Supplemental assessment tools

  1. Pulmonary function testing, (especially FVCs).
  2. EKGs (annually), and echocardiograms (every 3-5 years) should be followed regularly. A Holter monitor can be placed if the EKG is equivocal or if cardiac symptoms are reported. 
  3. Given high risk for sleep apnea syndrome, polysomnography should be done.
  4. Formal dysphagia evaluation and swallowing video fluoroscopy should be done for any possible nutritional or respiratory symptoms.
  5. Formal audiologic exam should be performed.
  6. Fasting blood glucose and/or hemoglobin A1c should be followed at least annually as well. 
  7. Thyroid tests should be done annually.
  8. Ophthalmologic evaluation every two years is recommended given the high risk of cataracts. 
  9. Lipid profile every 6-12 months. 
  10. Vitamin D can be tested annually. 
  11. Typical oncologic screening should be done.

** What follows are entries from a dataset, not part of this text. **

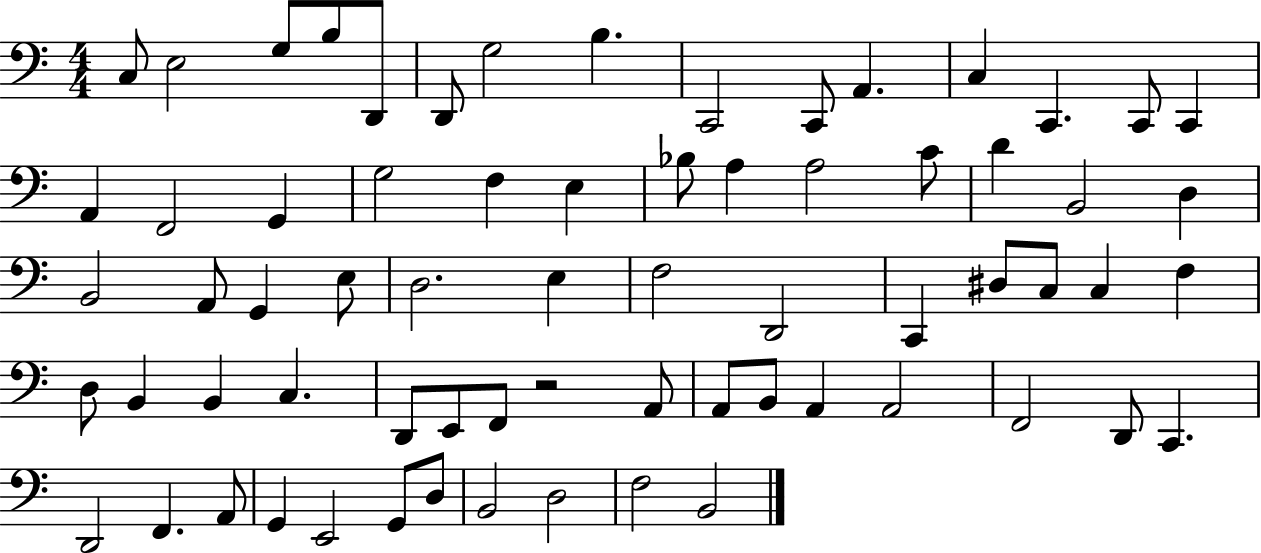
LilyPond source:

{
  \clef bass
  \numericTimeSignature
  \time 4/4
  \key c \major
  c8 e2 g8 b8 d,8 | d,8 g2 b4. | c,2 c,8 a,4. | c4 c,4. c,8 c,4 | \break a,4 f,2 g,4 | g2 f4 e4 | bes8 a4 a2 c'8 | d'4 b,2 d4 | \break b,2 a,8 g,4 e8 | d2. e4 | f2 d,2 | c,4 dis8 c8 c4 f4 | \break d8 b,4 b,4 c4. | d,8 e,8 f,8 r2 a,8 | a,8 b,8 a,4 a,2 | f,2 d,8 c,4. | \break d,2 f,4. a,8 | g,4 e,2 g,8 d8 | b,2 d2 | f2 b,2 | \break \bar "|."
}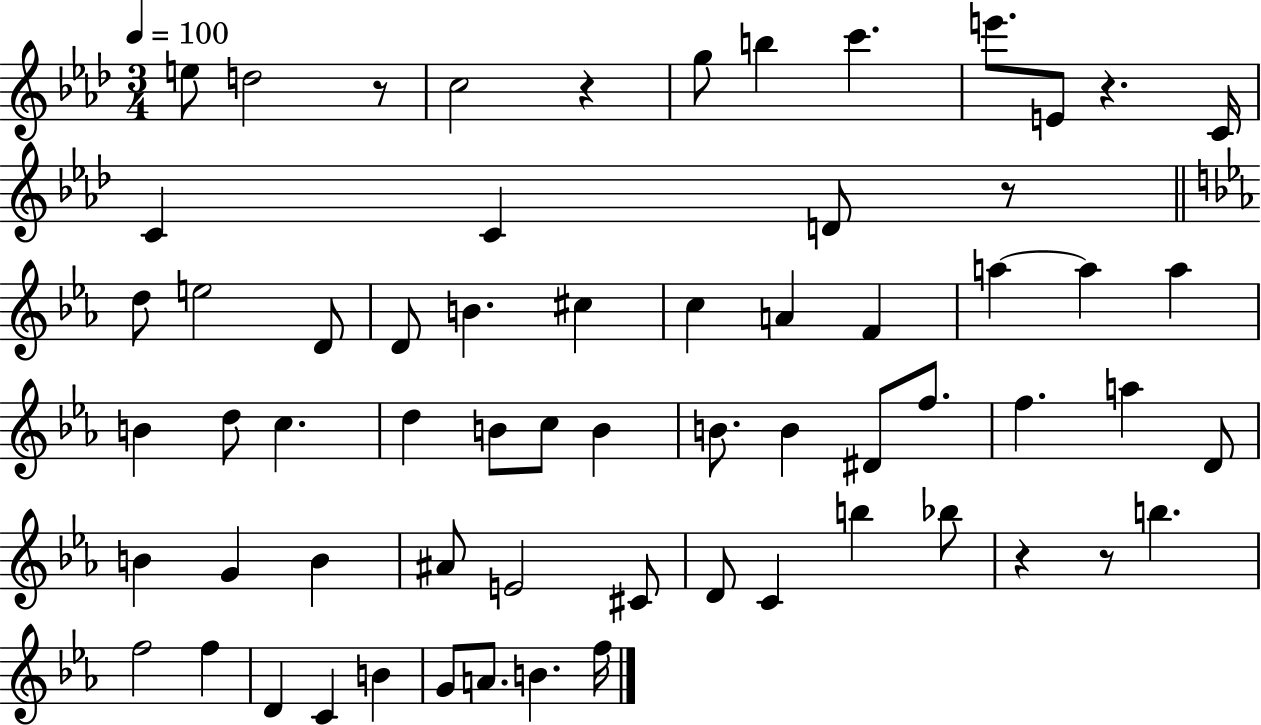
{
  \clef treble
  \numericTimeSignature
  \time 3/4
  \key aes \major
  \tempo 4 = 100
  e''8 d''2 r8 | c''2 r4 | g''8 b''4 c'''4. | e'''8. e'8 r4. c'16 | \break c'4 c'4 d'8 r8 | \bar "||" \break \key ees \major d''8 e''2 d'8 | d'8 b'4. cis''4 | c''4 a'4 f'4 | a''4~~ a''4 a''4 | \break b'4 d''8 c''4. | d''4 b'8 c''8 b'4 | b'8. b'4 dis'8 f''8. | f''4. a''4 d'8 | \break b'4 g'4 b'4 | ais'8 e'2 cis'8 | d'8 c'4 b''4 bes''8 | r4 r8 b''4. | \break f''2 f''4 | d'4 c'4 b'4 | g'8 a'8. b'4. f''16 | \bar "|."
}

Early predictions of outcomes

Infants who require long-term ventilatory support typically make limited progress and require significant levels of assistance. Other infants typically improve in their motor abilities with therapy; but special educational needs should be anticipated.


  1. Level surfaces for ambulation and limited requirement for stair climbing or long-distance ambulation would be an appropriate practical consideration. 
  2. Generator availability and adequate power outlets for respiratory support or CPAP should be assured.
  3. Maintaining a warm environment in surgical areas minimizes risks of muscle dysfunction that can occur with shivering.

Social role and social support system

Cognitive effects of parent’s disease can lead to difficulties with low income, organizing or providing care, and keeping follow-up appointments.  A disproportionate number of affected children are in grandparental care.  Waiver, respite, case management, and similar supports should be sought out and assistance be provided in making applications.  MDA offers many services that could fill these needs.

Professional Issues

It is very important to realize many parents and most grandparents have gone unrecognized as having DM1 themselves, and the subject must be approached cautiously and gently.  This may encourage them to seek care for themselves and avoid provoking unmerited guilt for transmitting a genetic condition or being unaware of their condition.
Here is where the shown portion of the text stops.